Latest revision as of 14:24, 3 February 2022

Cauchy PDF

The probability density function  $\rm (PDF)$  of the Cauchy distribution is given as follows:

$$f_x(x)=\frac{\rm 1}{\rm 2 \pi}\cdot \frac{\rm 1}{\rm 1+ (\it x/\rm 2)^{\rm 2}}.$$

From the graph you can already see the extremely slow decay of the PDF course.


Hints:



Questions

1

What is the cumulative distribution function  $\rm (CDF)$  $F_x(r)$?  What is the probability that  $|x|<2$?

${\rm Pr} (|x| < 2) \ = \ $

$ \ \%$

2

What is the probability that  $|x|>4$?

${\rm Pr} (|x| > 4) \ = \ $

$ \ \%$

3

Which of the following statements are true for the Cauchy distribution?

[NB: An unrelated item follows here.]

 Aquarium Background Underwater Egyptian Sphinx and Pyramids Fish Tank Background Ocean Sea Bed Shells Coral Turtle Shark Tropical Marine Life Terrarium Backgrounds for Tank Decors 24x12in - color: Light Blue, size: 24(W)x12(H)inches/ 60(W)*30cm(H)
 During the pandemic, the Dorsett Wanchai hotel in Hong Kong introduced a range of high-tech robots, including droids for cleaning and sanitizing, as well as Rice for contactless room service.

The Cauchy distribution has an infinitely large variance.
The Chebyshev inequality makes no sense here.
A random variable that can be measured in nature is never Cauchy distributed.


Solution

(1)  Comparing the given PDF with the general equation in the theory part,  we see that the parameter is  $\lambda= 2$.

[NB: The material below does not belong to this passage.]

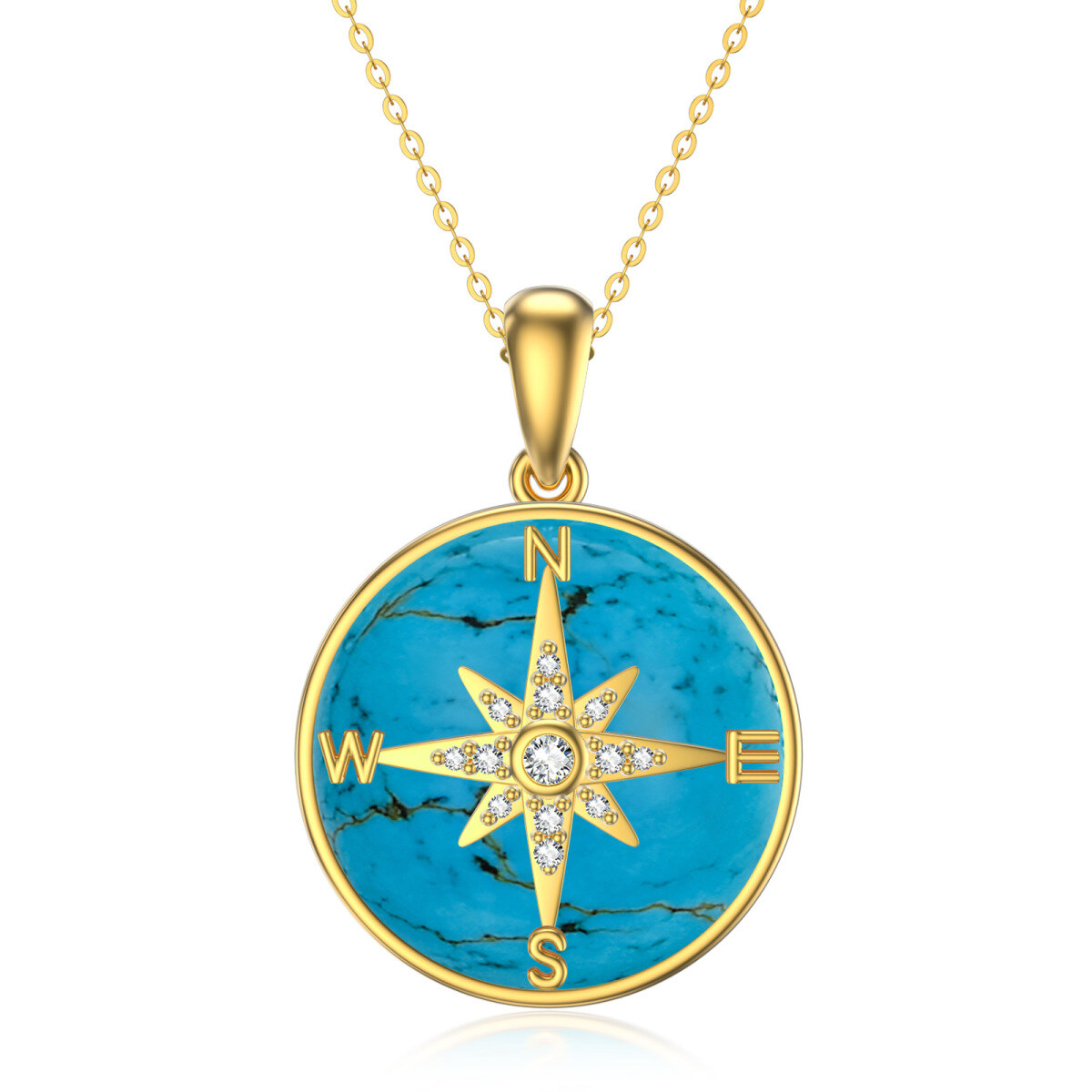 14K Gold Round Turquoise Compass Pendant Necklace-1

  • From this follows  (after integration over the PDF):
$$F_x ( r ) =\frac{1}{2} + \frac{\rm 1}{\rm \pi}\cdot \rm arctan(\it r/\rm 2).$$
  • In particular.
$$F_x ( r = +2 ) =\frac{1}{2} + \frac{\rm 1}{\rm \pi}\cdot \rm arctan(1)=\frac{1}{2} + \frac{\rm 1}{\rm \pi} \cdot \frac{\rm \pi}{4 }=0.75,$$
$$F_x ( r = -2 ) =\frac{1}{2} + \frac{\rm 1}{\rm \pi}\cdot \rm arctan(-1)=\frac{1}{2} - \frac{\rm 1}{\rm \pi} \cdot \frac{\rm \pi}{4 }=0.25.$$
  • The probability we are looking for is given by the difference:
$${\rm Pr} (|x| < 2) = 0.75 - 0.25 \hspace{0.15cm}\underline{=50\%}.$$


(2)  According to the result of the subtask  (1)  ⇒   $F_x ( r = 4 ) = 0.5 + 1/\pi = 0.852$.

  • Thus,  for the  "complementary"  probability:  ${\rm Pr} (x > 4)= 0.148$.
  • For symmetry reasons,  the probability we are looking for is twice as large:
$${\rm Pr} (|x| >4) \hspace{0.15cm}\underline{ = 29.6\%}.$$


(3)  All proposed solutions are true:

  • For the variance of the Cauchy distribution holds namely:
$$\sigma_x^{\rm 2}=\frac{1}{2\pi}\int_{-\infty}^{+\infty} \hspace{-0.15cm} \frac{\it x^{\rm 2}}{\rm 1+(\it x/\rm 2)^{\rm 2}} \,\,{\rm d}x.$$
  • For large  $x$  the integrand yields the constant value  $4$. Therefore the integral diverges.
  • Chebyshev's inequality does not provide an evaluable bound,  even with  $\sigma_x \to \infty$.
  • "Natural" random variables  (physically interpretable)  can never be cauchy distributed,  otherwise they would have an infinite power.
  • On the other hand,  an  "artificial"  (or mathematical)  random variable is not subject to this restriction.   Example: The quotient of two zero mean quantities.